I like the double toy/ball game too and use it a lot for recall training.

Melanie and the gang in Alaska


----------



## jdsd21 (Jun 3, 2008)

Everyone, great responses, thank you. After hearing the negatives of using tennis balls and reading up on it a little, I have ceased using them while playing, thank you for giving me that insight. 

I went out and bought the chuck it rubber balls and have been using the two ball method when playing/training the last few days. It has worked very very well. I have been able to use the second ball to motivate Max to come all the way back to me and drop it, if he doesn't I hide the second ball behind my back which tells him that he hasn't finished bringing me back the first ball yet; he has responded. 

Is there a limit to the commands I can work on during a session of training. In this instance, I command Max to "sit", then I put the ball out to my side and ask him to "Focus" on me, once he makes eye contact I chuck the ball and tell him to "fetch" it, when he gets it and starts running back I tell him to "come" and when he gets to me I ask him to "drop it" before repeating the sequence. I also use the clicker and "good" after each successful job. Are these too many commands for one session, or is Max/GSDs capable of correlating his actions with my multiple commands?


----------



## Kayla's Dad (Jul 2, 2007)

Your dog is about 1 year, right? Samuel's guidelines for adding commands and new items in your training sessions.
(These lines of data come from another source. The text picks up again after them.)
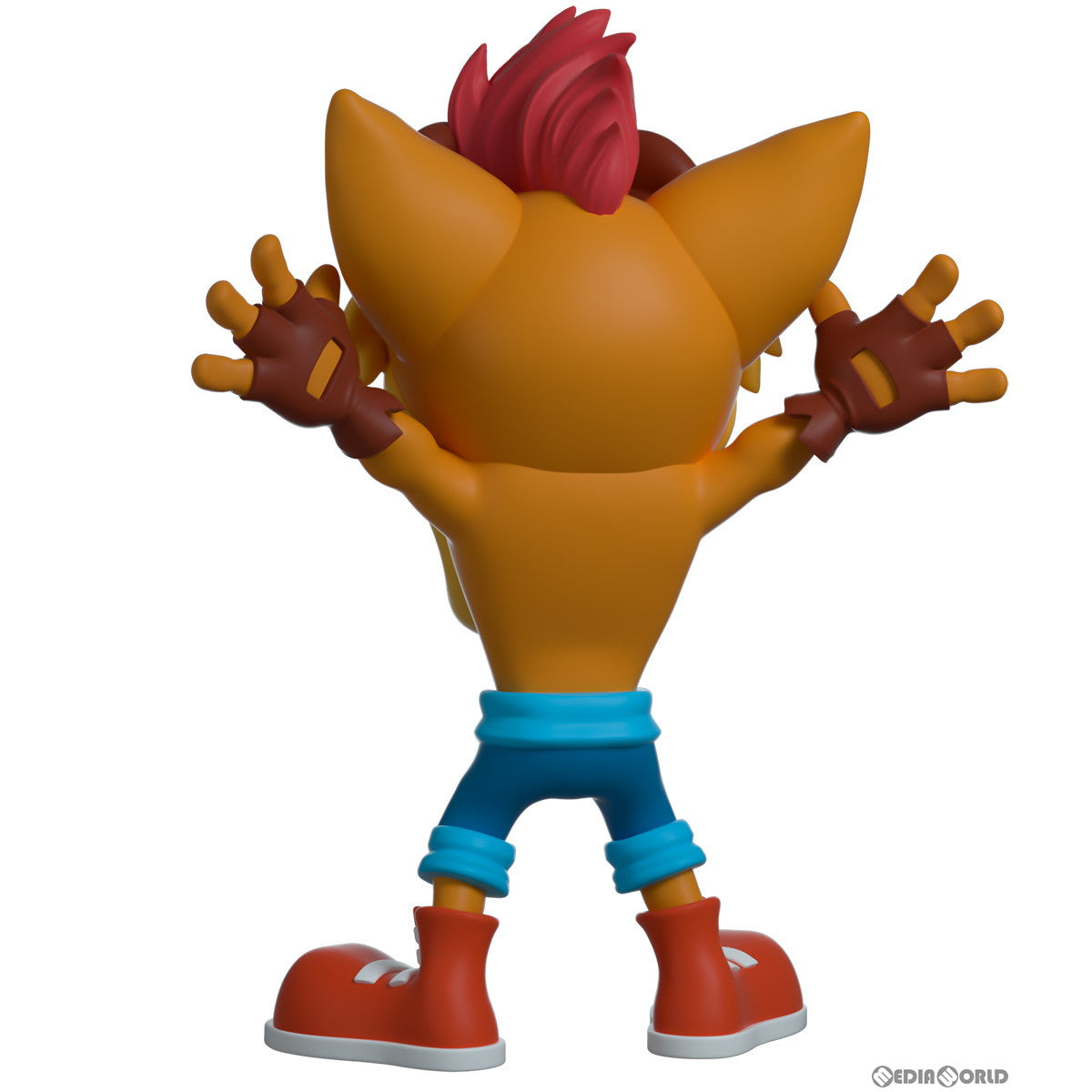 【新品即納】[FIG] Youtooz Collectible クラッシュ・バンディクー 完成品 フィギュア Youtooz(ユートゥーズ) (20230331)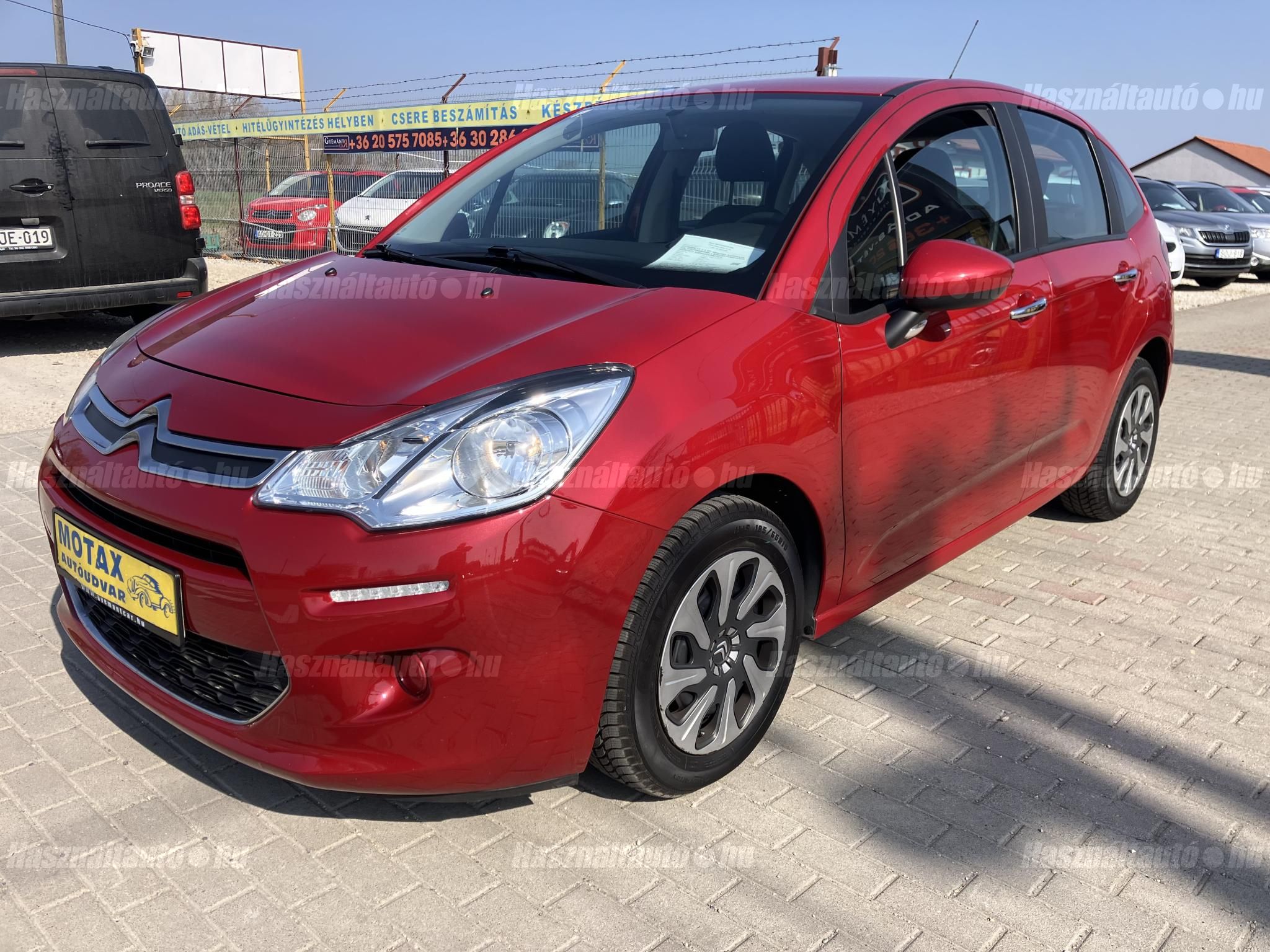 CITROEN C3 2013/4 - 1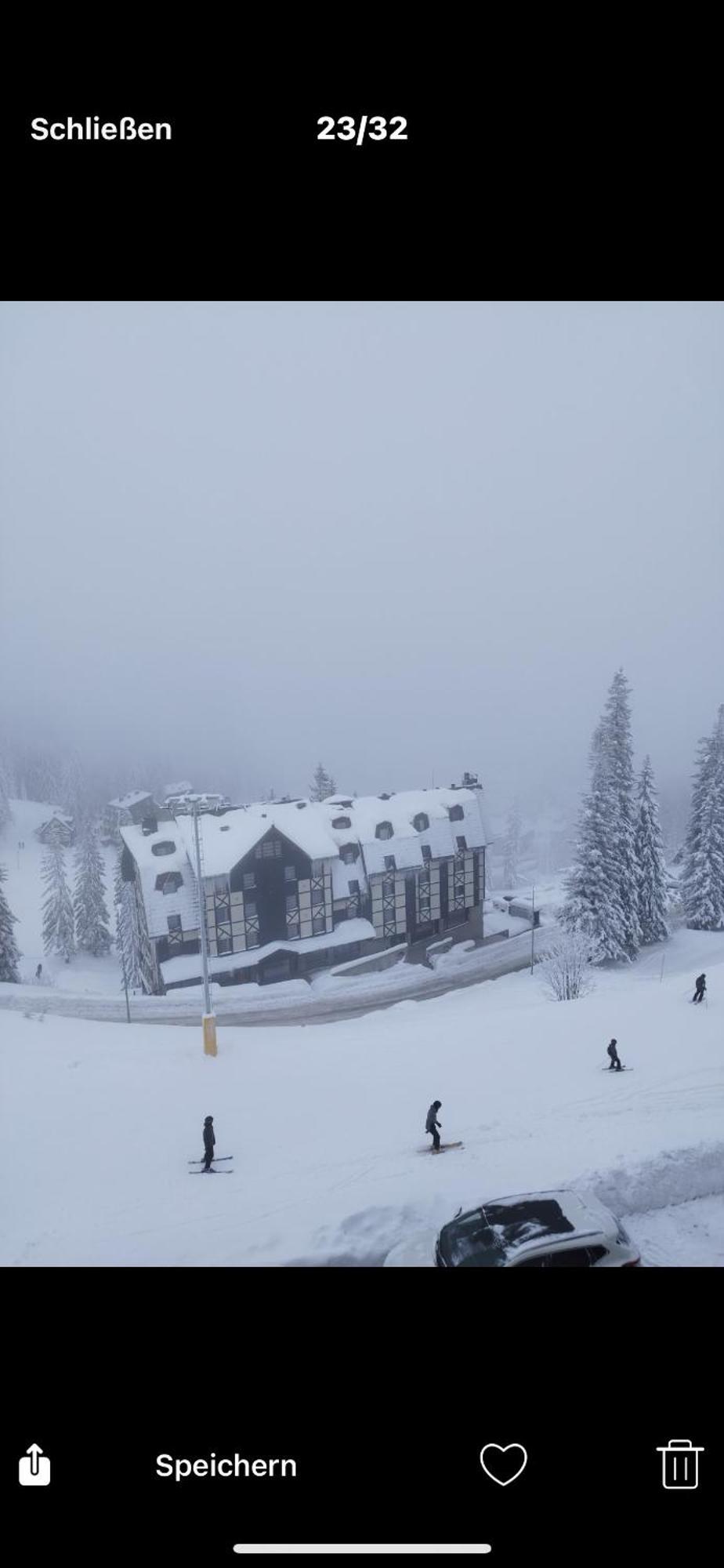 Aparthotel Rajska Jahorina Luaran gambar
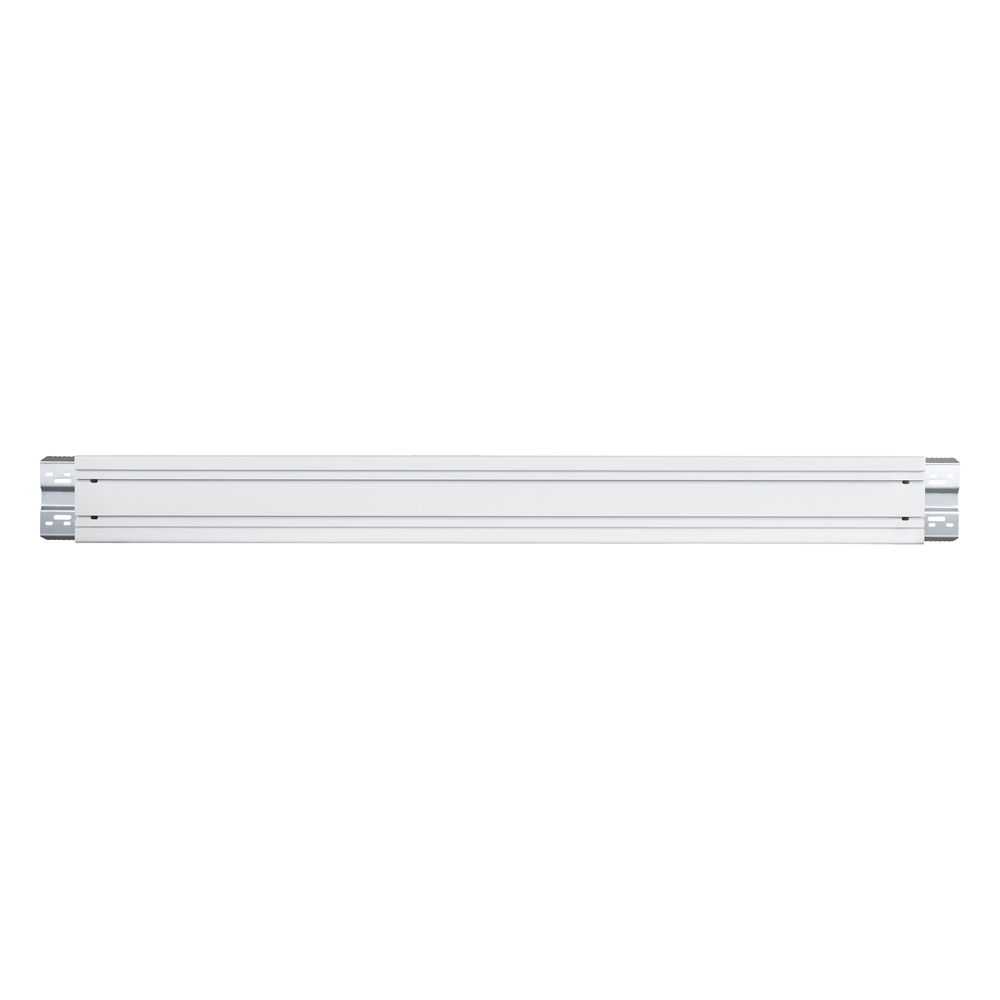 Mechanischer und elektrischer Verbinder für Lichtbandinstallationen zwischen Leuchten, in 600 mm, 1200 mm oder 1500 mm – Bild 2 von 5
1.	Keep it simple. When your dog starts to understand one command, add another command. 
2.	Keep it fund
3.	As your dog starts to understand the next command, add the next.
4.	Keep it fun
5.	If the dog starts to not react to a command, step back a notch until he starts to get the previous commands.
6.	Keep it fun
7.	Be sure to distinguish (for you) the sessions of fun, where you also interject commands during play and training sessions where you interject play and motivation while focusing on improving your “team” skills (as opposed to just the dog’s obedience level) in what you are doing.
8.	Keep it fun
9.	Keep your sessions short. Add more sessions per time allotted –your dog is getting old enough where you can put more and more time toward the training sessions. 
10.	<u>*KEEP IT FUN*</u>! And that's for both you and your dog.

You need to judge how much you can do/add in a session. Don't push too fast but judge your dog (and you) on when to add another command. I see a lot of unnecessary frustration from different individuals (and I have been in that camp) who think their dogs are getting frustrated and bored or no longer paying much attention. It seems in listening to the rants, the dogs have been so successful and done so well, people start speeding up the lesson plans. Not always the case but I've heard time and time again when the dogs are so intelligent (and ours are!) the humans pick up the pace.

If there seems to be a setback or the dog stops listening on taking in the information, stop and step back a moment. Do a command exercise that you know he will complete succesfully and then stop and play while you evaluate how to proceed and start up later.


----------



## WiscTiger (Sep 25, 2002)

I like toys not a combination of toys and treats.

To teach you dog to come to you on the retrieve, as you dog is coming towards you, start backing up, this keeps you dog moving forward. Also watch your body language, are you bending over at the waist, this body language shuts the dog down.


----------